Dette américaine : "la Chine, en tant que créancier, doit rester vigilante"

Dettes et Décote américaine

La critique la plus virulente de la gestion de la dette publique américaine vient du premier créancier étranger des Etats-Unis: la Chine. Décryptage de l'attitude de l'Empire du Milieu par Huang Wei Ping, économiste à l'Université du Peuple de Pékin.
Samedi dernier, l'agence de presse officielle chinoise Xinhua a condamné "l'addiction aux dettes" et les "querelles politiques [de Washington] qui manquent de vision à long terme" tout en évoquant le besoin d'une nouvelle monnaie de réserve mondiale stable. "La Chine [première détentrice des bons américains] a désormais parfaitement le droit d'exiger des Etats-Unis le réglement de leurs problèmes de dette structurelle et d'assurer la sécurité des actifs en dollars de la Chine" a réagit Xinhua face à la dégradation de la note de la dette américaine par Standard & Poor's (S&P) le 5 août au soir.

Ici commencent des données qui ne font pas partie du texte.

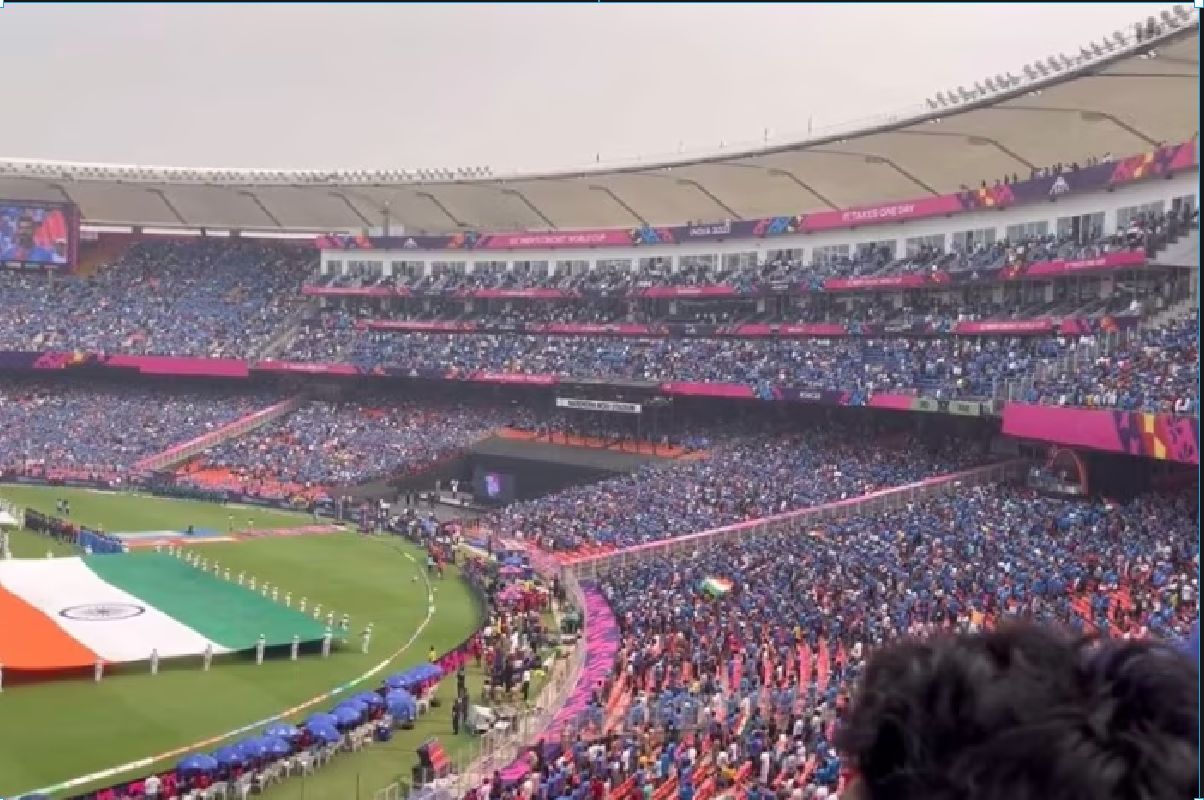 IND vs Pak match: क्रिकट फैंस की भीड़ से खचा खच भरा रहा स्टेडम राष्ट्र गान से गूंजा, देखें वीडियो….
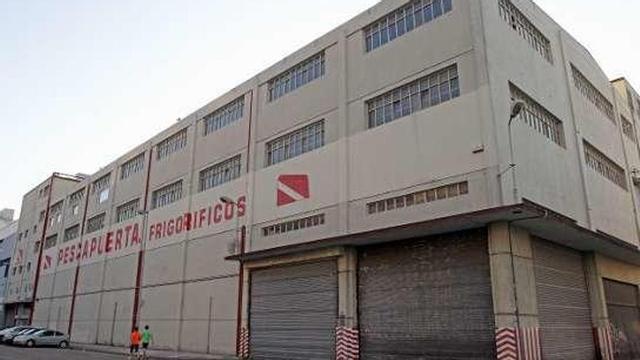 Frigorífico "en perfecto estado"  |  La vieja nave de Pescapuerta, de 2.174 m2, está en excelentes condiciones. Pero no ha trascendido si la firma interesada en este espacio de Jacinto Benavente lo quiere para almacenar pesca congelada.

L'agence de notation américaine avait estimé que l'accord signé le 2 août par le président américain Barack Obama avec les Républicains était insuffisant pour rassurer les investisseurs et pour donner des solutions à long terme. Un avis partagé par Huang Wei Ping, économiste à l'Université du Peuple de Pékin.
NB : l'entretien a été réalisé avant la dégradation de la dette américaine par S&P.
Comment accueillez-vous l'accord sur la dette américaine ?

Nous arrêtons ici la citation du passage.